* **Directions**
All of the data below should be printed again exactly, pictures excluded.

* **Material provided**

┌────────

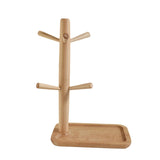 Maxbell Wood Key Tray Entryway Tray Organizer Catchall Tray for Phone Bedroom Office Rectangular base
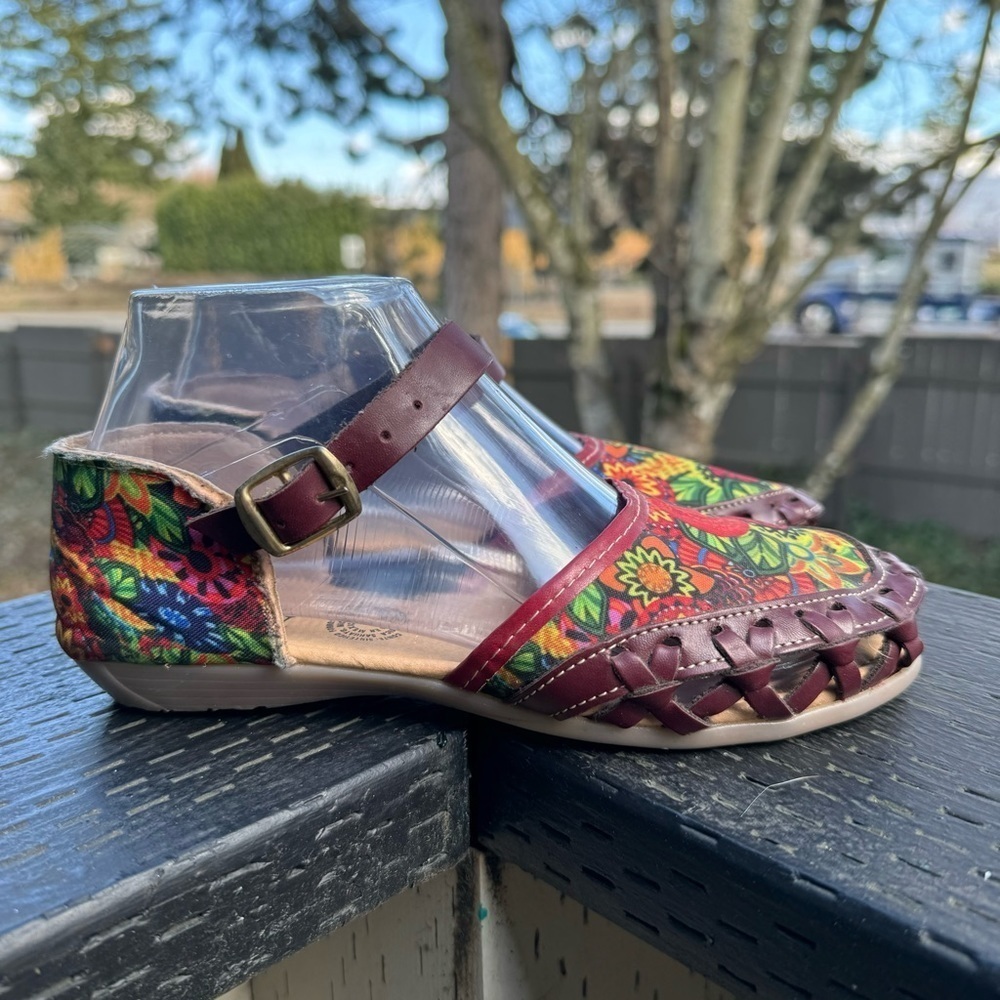 Sandy Exclusivas Women’s Mexican Boho Huaraches‎ Sandals Size 6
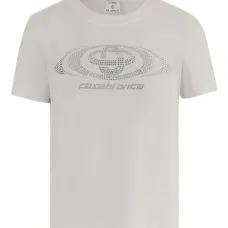 Хлопковая футболка с логотипом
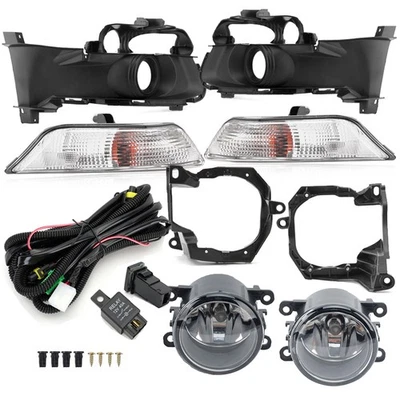 Set Fog Light W/ Signal Lamp Cover Wiring Assembly For Ford Mustang 2015-16 2017 - Image 1 of 4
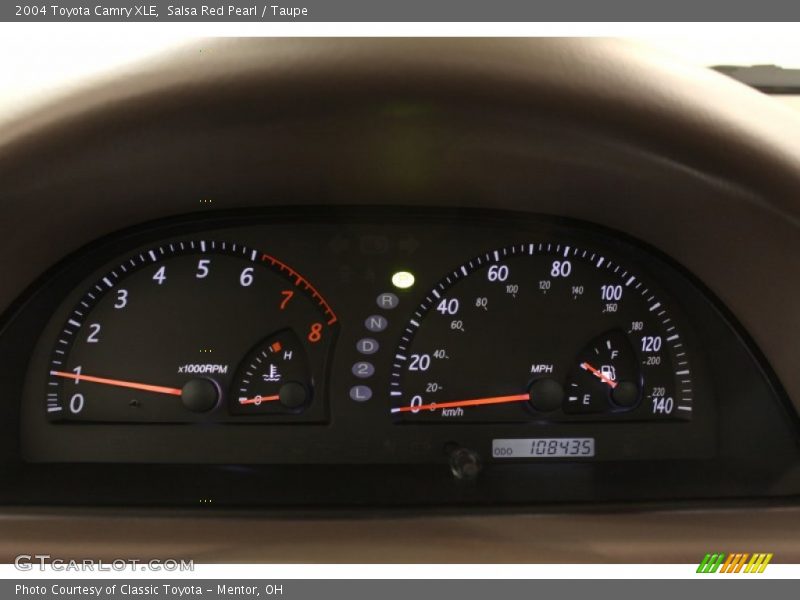 Salsa Red Pearl / Taupe 2004 Toyota Camry XLE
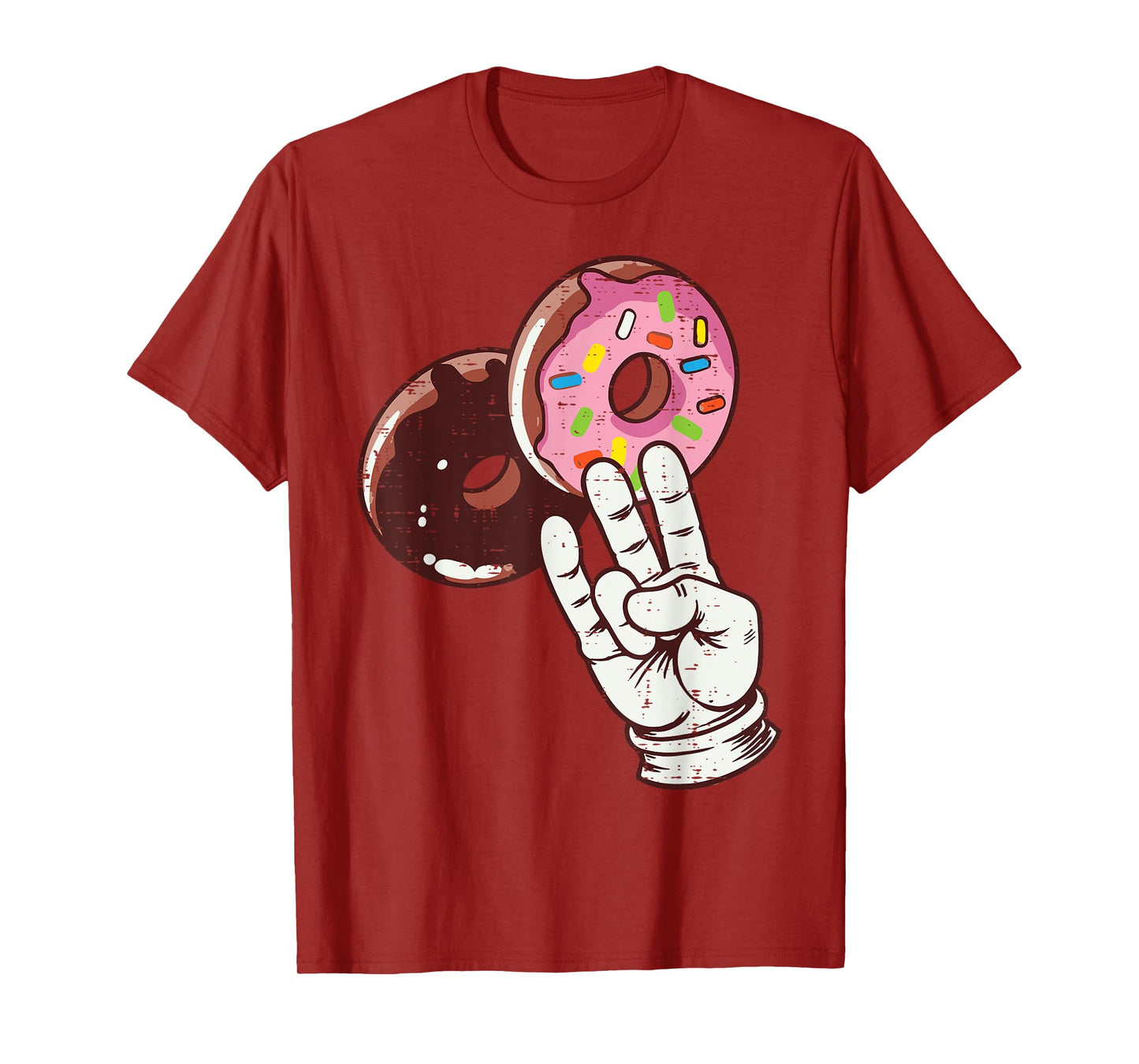 2 Pink Donut Funny Inappropriate Adult Humor Joke Men Women T-Shirt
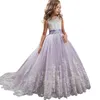 Meisjes Zomerjurk Meisjes Kinderen Lange Prinses Jurk Vestido Party Trouwjurk 3 10 12 Jaar Y190615013202392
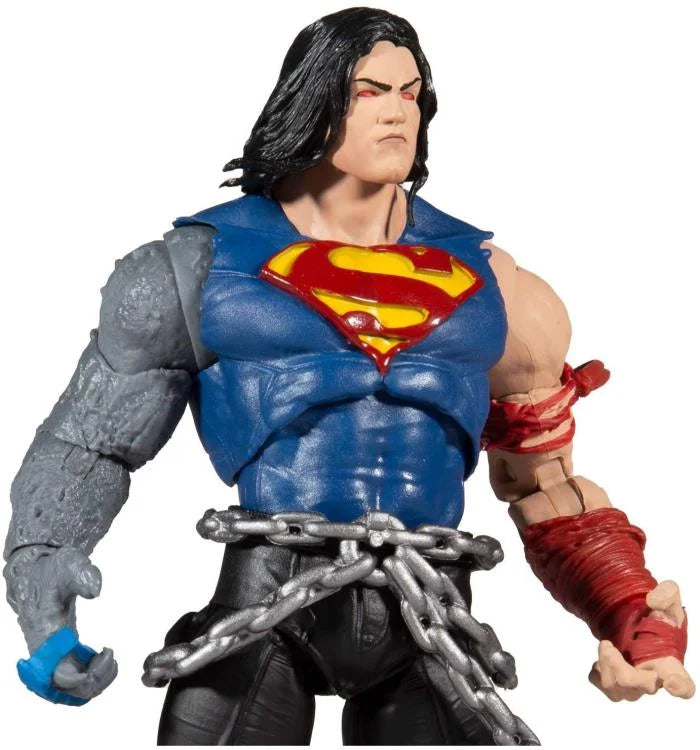 DC Multiverse Dark Nights: Death Metal Superman 7-Inch Action Figure - Collectible DC Comics Superhero Toy for Display & Play - Perfect for Fans, Collectors & Gift Giving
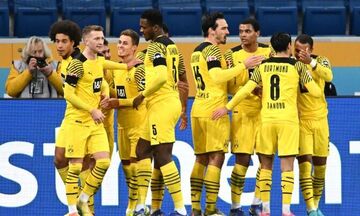 Bundesliga: Τρίτη σερί νίκη και -3 από την κορυφή η Ντόρτμουντ μετά την ματσάρα με Χόφενχαϊμ (2-3)!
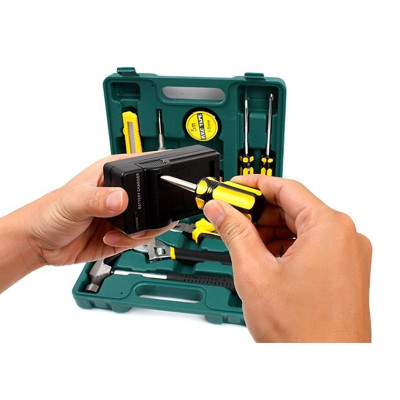 Bộ Dụng Cụ Sửa Chữa Gia Đình Đa Năng 16 Món Tiện Dụng, Bộ Đồ Nghề Đa Năng Xếp Gọn Có Hộp Đựng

└────────

* **Task answer**
 Maxbell Wood Key Tray Entryway Tray Organizer Catchall Tray for Phone Bedroom Office Rectangular base
 Sandy Exclusivas Women’s Mexican Boho Huaraches‎ Sandals Size 6
 Хлопковая футболка с логотипом
 Set Fog Light W/ Signal Lamp Cover Wiring Assembly For Ford Mustang 2015-16 2017 - Image 1 of 4
 Salsa Red Pearl / Taupe 2004 Toyota Camry XLE
 2 Pink Donut Funny Inappropriate Adult Humor Joke Men Women T-Shirt
 Meisjes Zomerjurk Meisjes Kinderen Lange Prinses Jurk Vestido Party Trouwjurk 3 10 12 Jaar Y190615013202392
 DC Multiverse Dark Nights: Death Metal Superman 7-Inch Action Figure - Collectible DC Comics Superhero Toy for Display & Play - Perfect for Fans, Collectors & Gift Giving
 Bundesliga: Τρίτη σερί νίκη και -3 από την κορυφή η Ντόρτμουντ μετά την ματσάρα με Χόφενχαϊμ (2-3)!
 Bộ Dụng Cụ Sửa Chữa Gia Đình Đa Năng 16 Món Tiện Dụng, Bộ Đồ Nghề Đa Năng Xếp Gọn Có Hộp Đựng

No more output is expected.